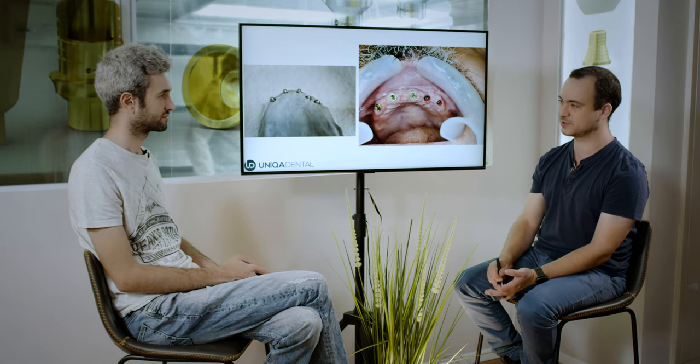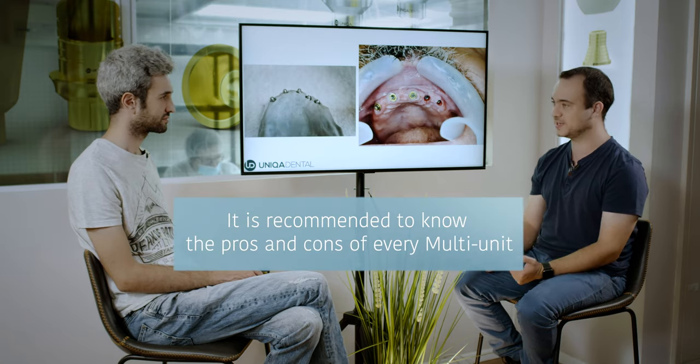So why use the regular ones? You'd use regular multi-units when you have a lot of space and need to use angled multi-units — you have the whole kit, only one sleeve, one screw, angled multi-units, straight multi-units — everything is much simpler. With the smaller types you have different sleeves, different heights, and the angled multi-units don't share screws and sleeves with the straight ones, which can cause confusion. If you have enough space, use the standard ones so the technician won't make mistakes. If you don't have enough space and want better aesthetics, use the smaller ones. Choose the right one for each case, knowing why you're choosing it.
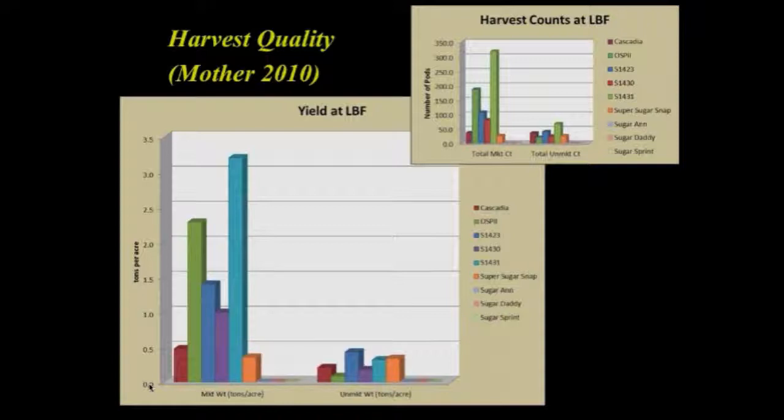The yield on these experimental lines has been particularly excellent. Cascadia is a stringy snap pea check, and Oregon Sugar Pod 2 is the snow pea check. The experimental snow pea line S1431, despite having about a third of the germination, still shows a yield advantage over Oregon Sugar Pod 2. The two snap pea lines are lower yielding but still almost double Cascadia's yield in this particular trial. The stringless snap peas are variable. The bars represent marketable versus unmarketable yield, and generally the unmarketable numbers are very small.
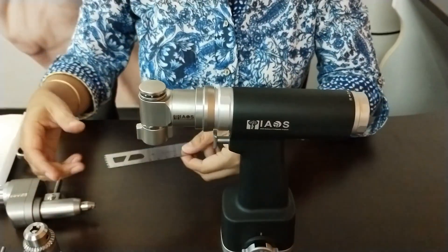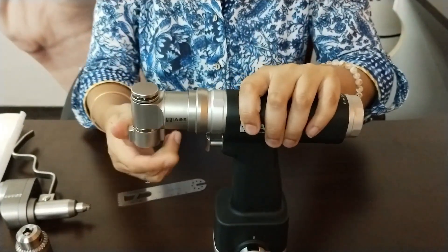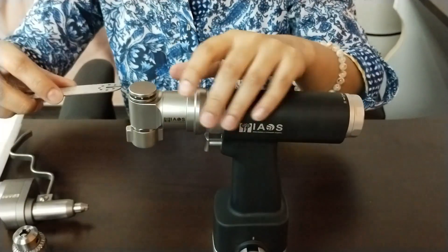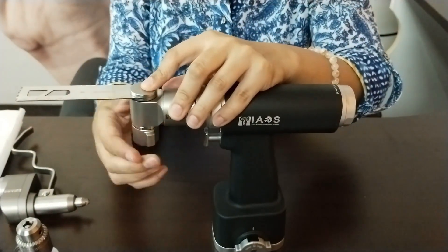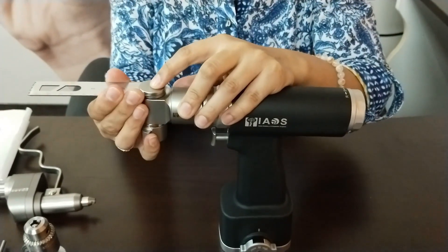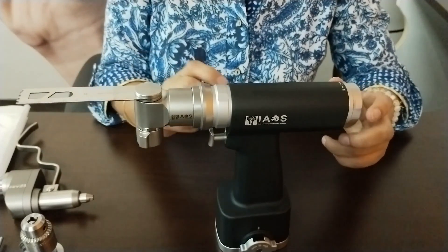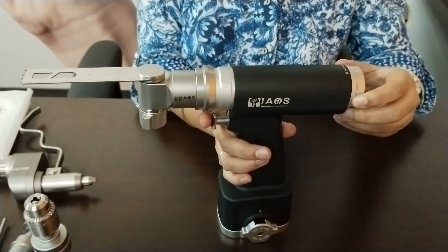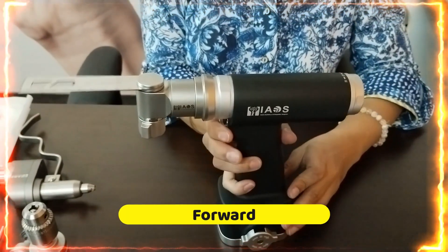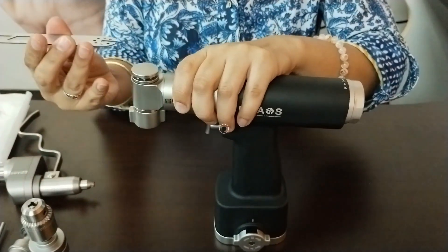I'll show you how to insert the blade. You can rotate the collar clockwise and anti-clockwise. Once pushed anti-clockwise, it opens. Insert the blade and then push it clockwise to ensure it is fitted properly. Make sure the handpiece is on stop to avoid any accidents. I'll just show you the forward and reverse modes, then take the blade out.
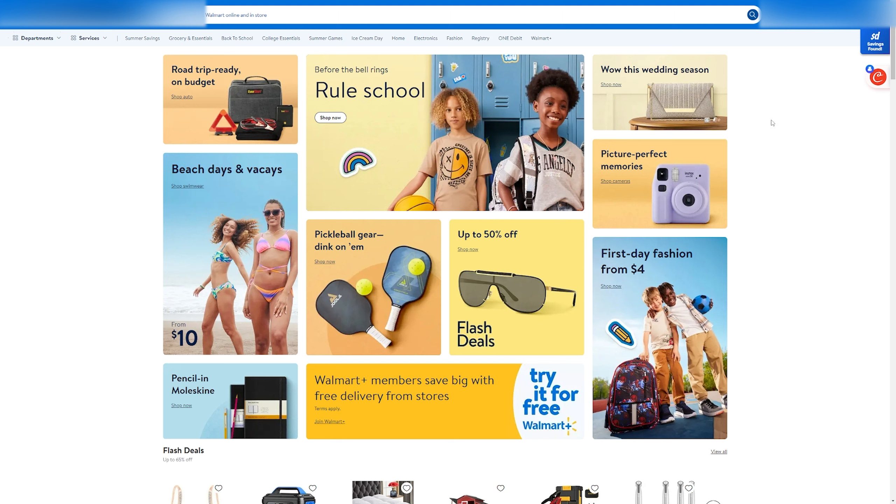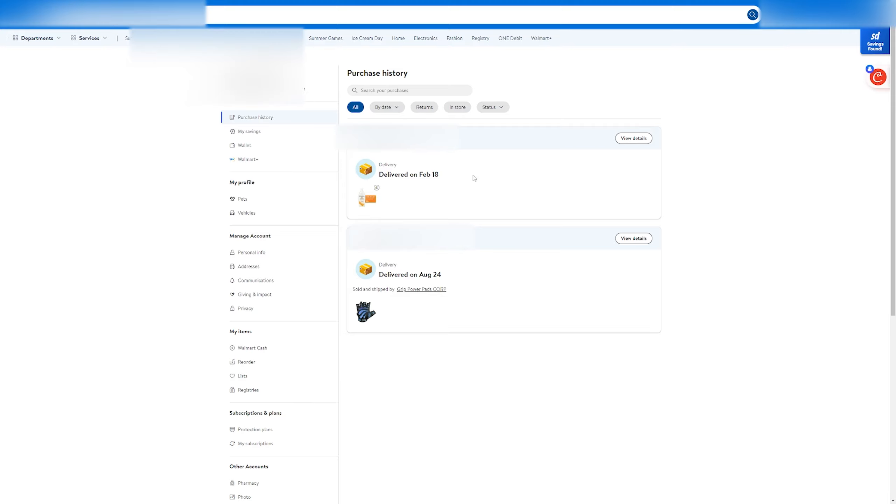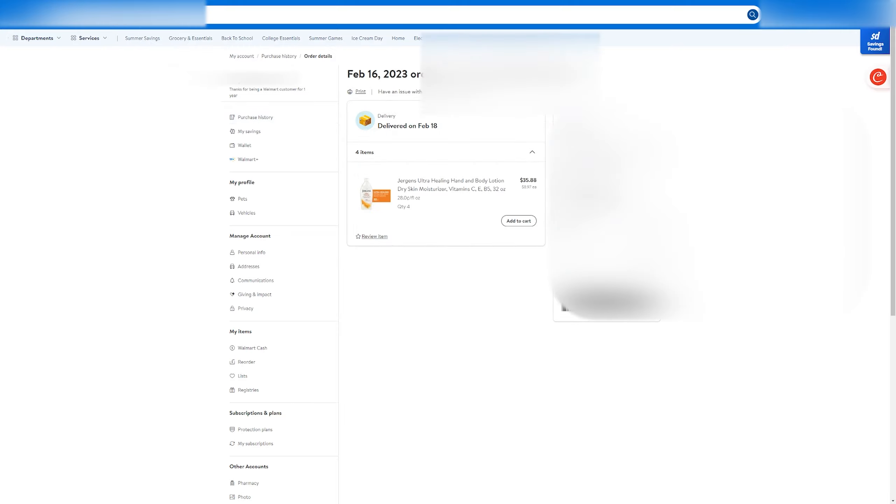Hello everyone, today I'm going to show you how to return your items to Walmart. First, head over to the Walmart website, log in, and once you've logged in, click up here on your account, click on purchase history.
§
### Problem
Drop the pictures, then repeat the material word for word.

### Task solution
So why use the regular ones? You'd use regular multi-units when you have a lot of space and need to use angled multi-units — you have the whole kit, only one sleeve, one screw, angled multi-units, straight multi-units — everything is much simpler. With the smaller types you have different sleeves, different heights, and the angled multi-units don't share screws and sleeves with the straight ones, which can cause confusion. If you have enough space, use the standard ones so the technician won't make mistakes. If you don't have enough space and want better aesthetics, use the smaller ones. Choose the right one for each case, knowing why you're choosing it.
The yield on these experimental lines has been particularly excellent. Cascadia is a stringy snap pea check, and Oregon Sugar Pod 2 is the snow pea check. The experimental snow pea line S1431, despite having about a third of the germination, still shows a yield advantage over Oregon Sugar Pod 2. The two snap pea lines are lower yielding but still almost double Cascadia's yield in this particular trial. The stringless snap peas are variable. The bars represent marketable versus unmarketable yield, and generally the unmarketable numbers are very small.
I'll show you how to insert the blade. You can rotate the collar clockwise and anti-clockwise. Once pushed anti-clockwise, it opens. Insert the blade and then push it clockwise to ensure it is fitted properly. Make sure the handpiece is on stop to avoid any accidents. I'll just show you the forward and reverse modes, then take the blade out.
Hello everyone, today I'm going to show you how to return your items to Walmart. First, head over to the Walmart website, log in, and once you've logged in, click up here on your account, click on purchase history.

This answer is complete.